-------- Source data

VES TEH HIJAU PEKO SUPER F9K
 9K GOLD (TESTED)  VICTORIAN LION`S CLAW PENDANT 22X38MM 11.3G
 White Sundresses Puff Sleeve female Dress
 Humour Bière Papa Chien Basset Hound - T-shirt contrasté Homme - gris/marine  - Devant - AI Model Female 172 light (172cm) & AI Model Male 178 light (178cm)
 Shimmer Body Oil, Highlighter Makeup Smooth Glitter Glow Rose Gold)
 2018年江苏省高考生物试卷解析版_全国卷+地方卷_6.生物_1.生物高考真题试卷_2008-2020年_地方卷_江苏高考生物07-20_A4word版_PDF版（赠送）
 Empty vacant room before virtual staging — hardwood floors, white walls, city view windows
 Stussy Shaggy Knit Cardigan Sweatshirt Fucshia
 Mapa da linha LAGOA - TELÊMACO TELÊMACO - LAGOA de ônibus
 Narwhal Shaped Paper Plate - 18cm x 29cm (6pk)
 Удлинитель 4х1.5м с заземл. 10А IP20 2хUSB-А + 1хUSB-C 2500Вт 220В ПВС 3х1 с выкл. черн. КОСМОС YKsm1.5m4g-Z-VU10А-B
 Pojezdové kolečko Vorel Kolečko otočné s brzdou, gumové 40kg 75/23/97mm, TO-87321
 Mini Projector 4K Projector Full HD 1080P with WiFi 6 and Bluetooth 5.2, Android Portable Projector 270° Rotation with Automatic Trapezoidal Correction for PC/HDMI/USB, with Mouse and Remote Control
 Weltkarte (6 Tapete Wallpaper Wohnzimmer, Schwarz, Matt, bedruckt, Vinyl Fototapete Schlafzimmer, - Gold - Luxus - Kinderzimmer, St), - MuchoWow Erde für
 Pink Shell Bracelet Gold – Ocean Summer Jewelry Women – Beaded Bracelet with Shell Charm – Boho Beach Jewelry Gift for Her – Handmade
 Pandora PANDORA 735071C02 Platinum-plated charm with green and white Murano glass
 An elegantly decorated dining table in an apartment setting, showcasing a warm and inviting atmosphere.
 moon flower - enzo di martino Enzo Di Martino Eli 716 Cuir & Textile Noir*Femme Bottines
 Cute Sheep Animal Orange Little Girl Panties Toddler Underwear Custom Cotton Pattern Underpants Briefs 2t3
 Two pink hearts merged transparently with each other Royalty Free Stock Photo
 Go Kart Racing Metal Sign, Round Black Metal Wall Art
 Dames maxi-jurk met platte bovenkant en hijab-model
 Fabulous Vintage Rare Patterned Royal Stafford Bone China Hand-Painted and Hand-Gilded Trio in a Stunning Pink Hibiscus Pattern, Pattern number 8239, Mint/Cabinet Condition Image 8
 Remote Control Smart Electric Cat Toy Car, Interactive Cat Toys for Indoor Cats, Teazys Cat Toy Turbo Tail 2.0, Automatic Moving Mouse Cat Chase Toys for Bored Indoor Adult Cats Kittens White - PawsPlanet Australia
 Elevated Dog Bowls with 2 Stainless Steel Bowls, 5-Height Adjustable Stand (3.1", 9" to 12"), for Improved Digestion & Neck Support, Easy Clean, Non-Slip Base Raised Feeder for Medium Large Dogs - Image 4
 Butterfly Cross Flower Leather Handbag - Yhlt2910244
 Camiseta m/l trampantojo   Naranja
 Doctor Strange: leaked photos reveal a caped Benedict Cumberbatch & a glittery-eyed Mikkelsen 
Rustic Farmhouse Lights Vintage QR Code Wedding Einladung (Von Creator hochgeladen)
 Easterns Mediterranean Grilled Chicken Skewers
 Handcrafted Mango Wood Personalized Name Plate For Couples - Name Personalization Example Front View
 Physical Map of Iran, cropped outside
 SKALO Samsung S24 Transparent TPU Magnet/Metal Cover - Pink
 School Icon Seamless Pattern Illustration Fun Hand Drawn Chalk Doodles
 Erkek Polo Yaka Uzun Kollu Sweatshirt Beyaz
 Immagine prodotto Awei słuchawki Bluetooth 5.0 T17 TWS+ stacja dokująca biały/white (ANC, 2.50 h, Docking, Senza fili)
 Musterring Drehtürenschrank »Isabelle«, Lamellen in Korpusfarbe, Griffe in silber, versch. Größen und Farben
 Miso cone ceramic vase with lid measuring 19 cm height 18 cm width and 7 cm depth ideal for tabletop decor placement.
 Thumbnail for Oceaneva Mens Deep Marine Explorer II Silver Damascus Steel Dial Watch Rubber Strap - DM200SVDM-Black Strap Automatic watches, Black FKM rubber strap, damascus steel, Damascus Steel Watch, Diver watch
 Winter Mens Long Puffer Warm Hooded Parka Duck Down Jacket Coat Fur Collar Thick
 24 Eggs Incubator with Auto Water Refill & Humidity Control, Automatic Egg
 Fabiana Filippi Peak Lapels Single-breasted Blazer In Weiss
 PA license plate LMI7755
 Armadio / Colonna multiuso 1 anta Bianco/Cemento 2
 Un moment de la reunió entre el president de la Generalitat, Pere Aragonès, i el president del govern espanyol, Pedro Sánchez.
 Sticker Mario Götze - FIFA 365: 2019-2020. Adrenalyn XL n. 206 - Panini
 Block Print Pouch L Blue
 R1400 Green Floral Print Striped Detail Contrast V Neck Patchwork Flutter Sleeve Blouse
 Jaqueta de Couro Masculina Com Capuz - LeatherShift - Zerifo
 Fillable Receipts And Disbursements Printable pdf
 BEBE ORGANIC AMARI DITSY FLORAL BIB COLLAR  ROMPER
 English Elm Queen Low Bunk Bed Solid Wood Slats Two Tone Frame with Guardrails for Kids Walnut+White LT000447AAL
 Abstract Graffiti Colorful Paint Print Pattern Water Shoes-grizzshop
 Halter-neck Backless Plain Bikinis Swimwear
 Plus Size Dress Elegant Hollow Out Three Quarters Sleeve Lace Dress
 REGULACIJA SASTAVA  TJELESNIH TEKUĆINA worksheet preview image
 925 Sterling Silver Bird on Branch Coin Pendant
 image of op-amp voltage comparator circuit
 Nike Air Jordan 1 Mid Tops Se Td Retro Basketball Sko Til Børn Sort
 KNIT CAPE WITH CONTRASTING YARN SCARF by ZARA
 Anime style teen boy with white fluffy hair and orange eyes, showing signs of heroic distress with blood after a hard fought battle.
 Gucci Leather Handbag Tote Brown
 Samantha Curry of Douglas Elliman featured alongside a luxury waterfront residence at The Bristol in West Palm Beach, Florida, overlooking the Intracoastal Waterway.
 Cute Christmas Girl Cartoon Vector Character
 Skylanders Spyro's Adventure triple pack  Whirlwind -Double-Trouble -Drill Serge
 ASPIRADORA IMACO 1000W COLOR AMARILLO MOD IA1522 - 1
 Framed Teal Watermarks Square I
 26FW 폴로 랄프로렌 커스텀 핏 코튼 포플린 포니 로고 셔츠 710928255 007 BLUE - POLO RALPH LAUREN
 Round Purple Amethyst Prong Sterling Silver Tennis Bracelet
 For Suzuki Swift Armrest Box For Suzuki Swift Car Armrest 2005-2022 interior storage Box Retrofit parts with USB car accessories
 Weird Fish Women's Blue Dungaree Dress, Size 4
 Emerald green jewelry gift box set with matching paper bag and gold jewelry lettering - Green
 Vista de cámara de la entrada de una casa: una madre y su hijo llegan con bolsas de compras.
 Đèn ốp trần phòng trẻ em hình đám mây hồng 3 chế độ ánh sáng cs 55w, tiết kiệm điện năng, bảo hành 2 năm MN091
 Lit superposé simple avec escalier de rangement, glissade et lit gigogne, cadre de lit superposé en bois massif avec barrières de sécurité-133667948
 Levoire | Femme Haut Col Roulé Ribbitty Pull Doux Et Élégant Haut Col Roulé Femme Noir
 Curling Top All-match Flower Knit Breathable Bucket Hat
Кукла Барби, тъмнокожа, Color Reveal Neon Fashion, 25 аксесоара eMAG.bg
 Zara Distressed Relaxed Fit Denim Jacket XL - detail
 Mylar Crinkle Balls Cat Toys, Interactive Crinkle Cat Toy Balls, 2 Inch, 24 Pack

----------------

All lines from the opening of the records through the line where "White Sundresses Puff Sleeve female Dress" occurs are to be output verbatim. No other line belongs in the answer.

*Result of the task*.
VES TEH HIJAU PEKO SUPER F9K
 9K GOLD (TESTED)  VICTORIAN LION`S CLAW PENDANT 22X38MM 11.3G
 White Sundresses Puff Sleeve female Dress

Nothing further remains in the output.